Question

Two conducting circular loops of radii ${R_1}$ and ${R_2}$ $\left( {{R_1} > > {R_2}} \right)$ are placed in the same plane with their centers coinciding. Find the mutual inductance between them.
(A) $\dfrac{{{\mu _0}\pi R_1^2}}{{{R_2}}}$
(B) $\dfrac{{{\mu _0}\pi R_2^2}}{{{R_1}}}$
(C) $\dfrac{{{\mu _0}\pi R_1^2}}{{2{R_2}}}$
(D) $\dfrac{{{\mu _0}\pi R_2^2}}{{2{R_1}}}$

Answer 1

Hint : To solve this question, we have to assume a particular value of current flowing in the circular loop of large radius. Then we have to find the magnetic flux linked in the circular loop of small radius, from which we can get the required value of the mutual inductance.

Formula used: The formulae which have been used to solve this question are given by
$\Rightarrow B = \dfrac{{{\mu _0}I}}{{2{R_1}}}$ , here $B$ is the magnetic field at the centre of a circular coil of radius $R$ due to a current of $I$ flowing through it.
$\Rightarrow \varphi = {\rm M}{\rm I}$ , here $\varphi$ is the flux linkage, $M$ is the mutual inductance, and $I$ is the current.

Complete step by step answer
Let the mutual inductance between the two loops be $M$ .
Let us represent the situation given by the figure below.

Let us assume that a current of $I$ is flowing in the bigger circular loop. Due to this current in the bigger loop, there will be a magnetic field set up at its centre. This magnetic field is given by
$\Rightarrow B = \dfrac{{{\mu _0}I}}{{2{R_1}}}$ ……………………..(1)
According to the question, ${R_1} > > {R_2}$ , that is, the radius of the smaller loop is negligible as compared to that of the bigger loop. As both the loops are placed with their centers coinciding, so the whole area of the smaller loop can be assumed to be placed at the centre of the bigger loop. So the magnetic field within the region of the circular loop can be approximated to that produced by the bigger loop at its centre.
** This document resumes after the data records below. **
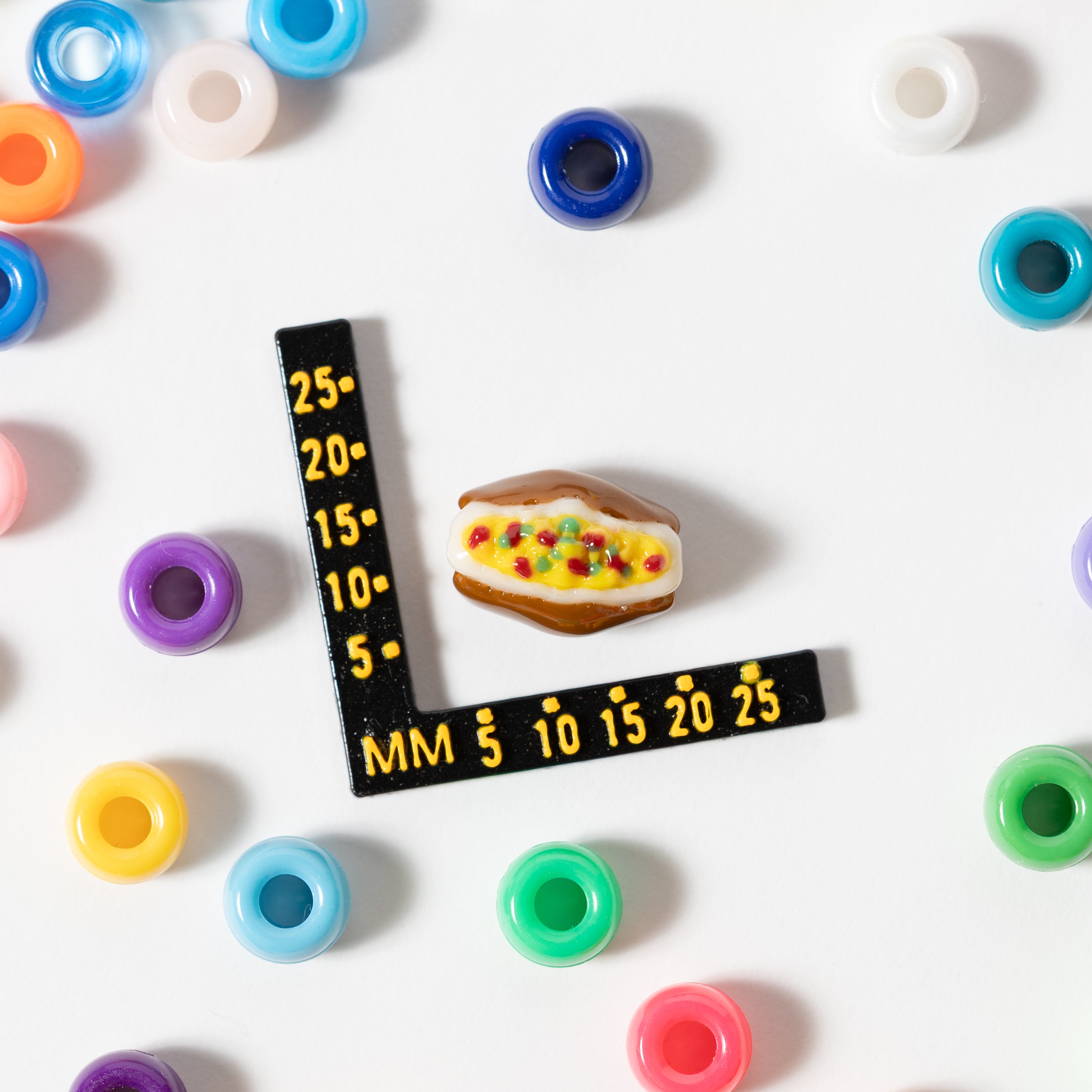 Size guide: a loaded baked potato kandi bead beside a millimeter ruler, surrounded by rainbow pony beads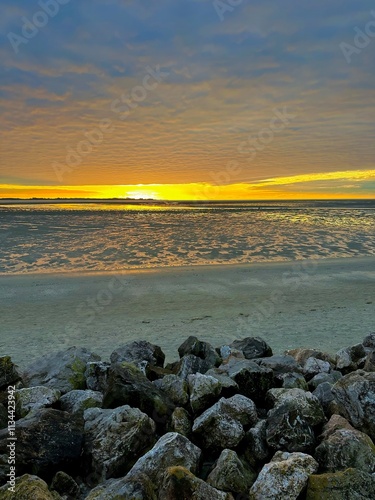 Golden Sunset Over the Bay of Somme Captured from Le Crotoy in October, Reflecting Warm Light on Wet Sand, Rocks, and Vast Low Tide Mudflats Under Dramatic Clouds photo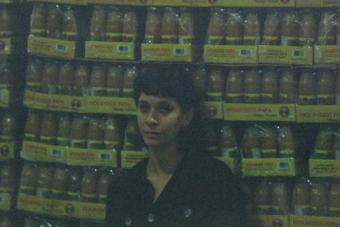 A grainy film portrait of an artist standing in front of crates of Topo Chico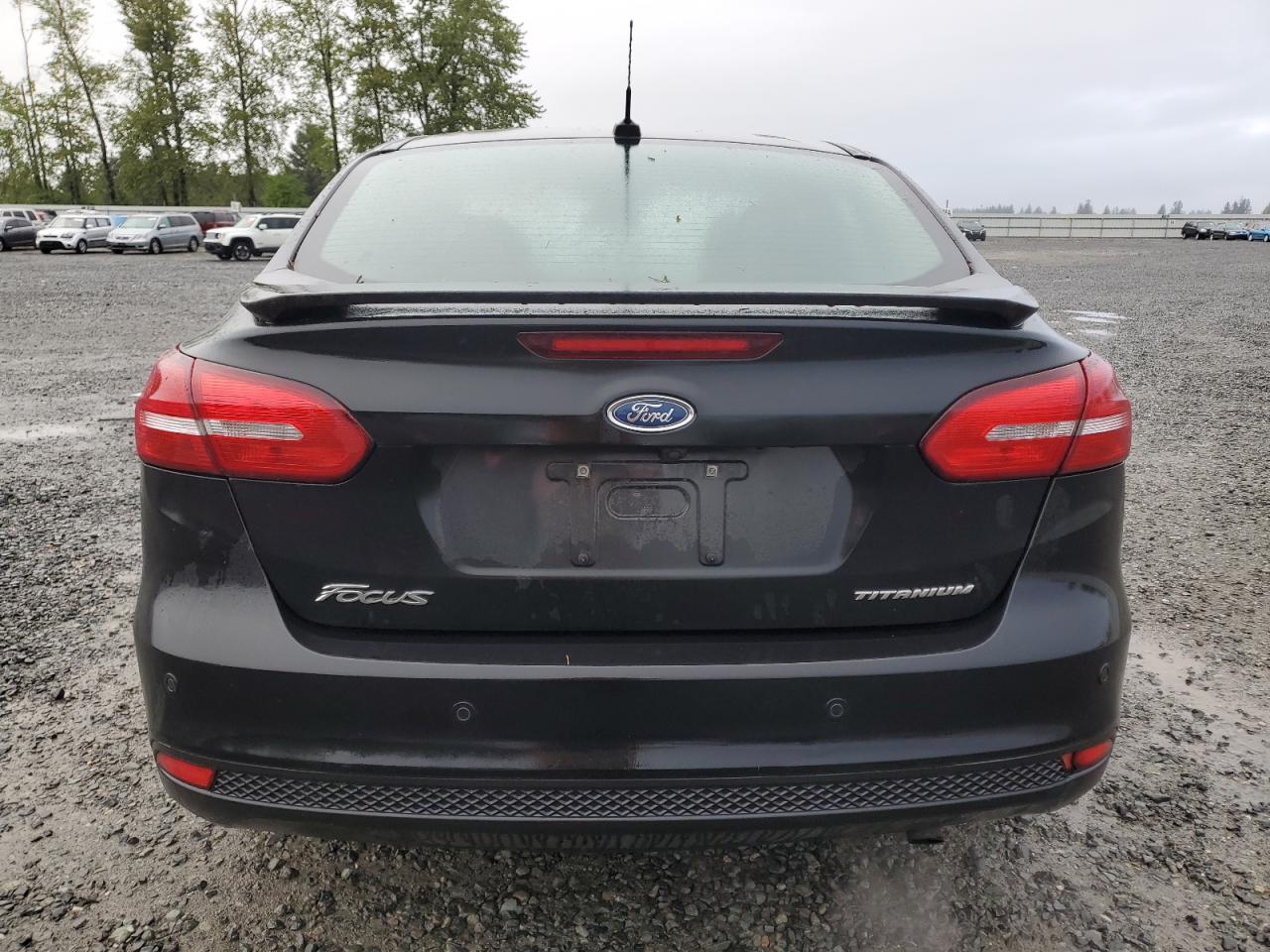 2015 Ford Focus Titanium VIN: 1FADP3J23FL269878 Lot: 55171975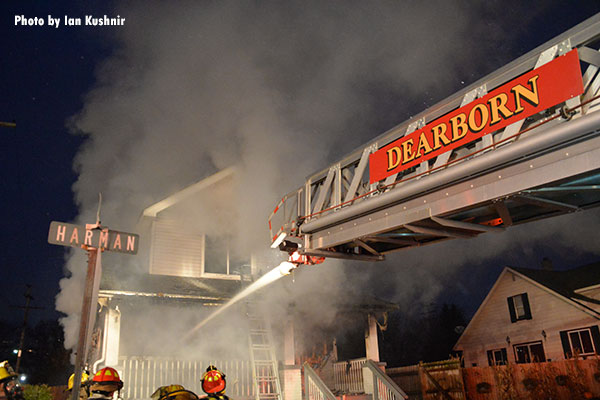 Flowing water from a Dearborn apparatus in the burning home.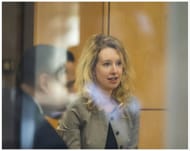 Holmes was charged with wire fraud among other offenses (Image via Getty)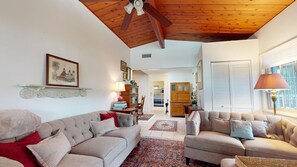 Living area with couch, love seat, and ottoman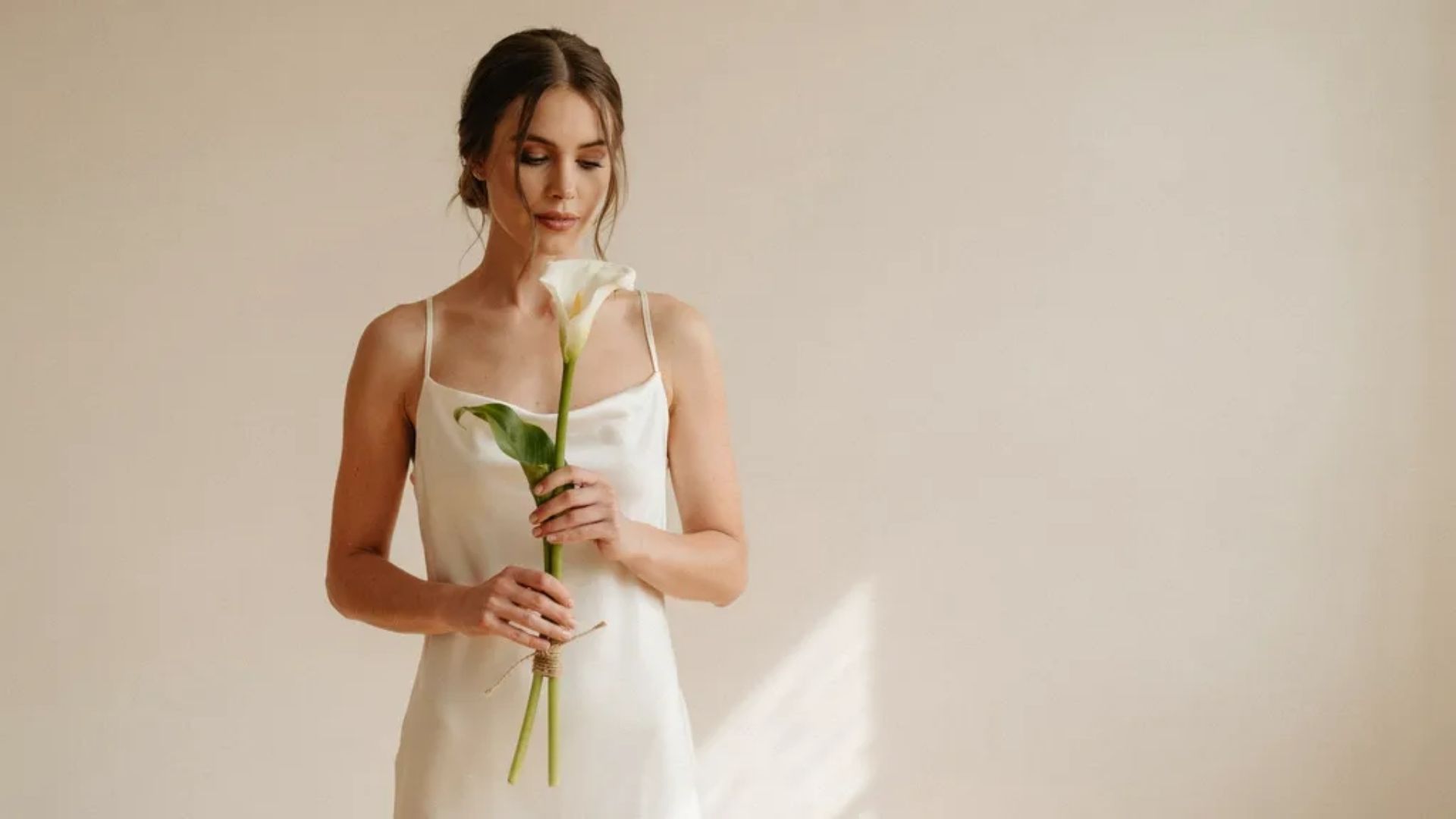 A minimal bridal bouquet featuring a single white rose held by bride in clean neutral background with soft natural light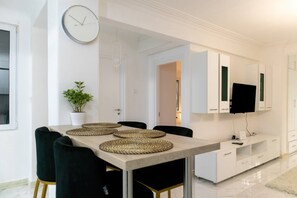 A modern dining area with a table set for four, a potted plant, and a wall-mounted clock. - A Haven in Kypseli A Basement Apartment (Athens)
So the magnetic flux linked with the smaller loop is given by
$\Rightarrow \varphi = {\rm B}{\rm A}$
We know that the area of the circular loop is $A = \pi R_2^2$ . Also from (1) we have $B = \dfrac{{{\mu _0}I}}{{2{R_1}}}$ . Substituting these above, we get the flux linkage as
$\Rightarrow \varphi = \dfrac{{{\mu _0}I\pi R_2^2}}{{2{R_1}}}$ ……………………..(2)
Now, we know that the flux linkage can also be written as
$\Rightarrow \varphi = {\rm M}{\rm I}$ …………………….(3)
Equating (2) and (3) we have
$\Rightarrow {\rm M}{\rm I} = \dfrac{{{\mu _0}I\pi R_2^2}}{{2{R_1}}}$
Finally, on cancelling $I$ from both the sides, we get
$\Rightarrow {\rm M} = \dfrac{{{\mu _0}\pi R_2^2}}{{2{R_1}}}$.

Note
The mutual inductance discussed in this question is the basic principle for the operation of electric devices such as transformers, electric motors, generators etc. These all have coils which interact with the magnetic field produced by the other coils.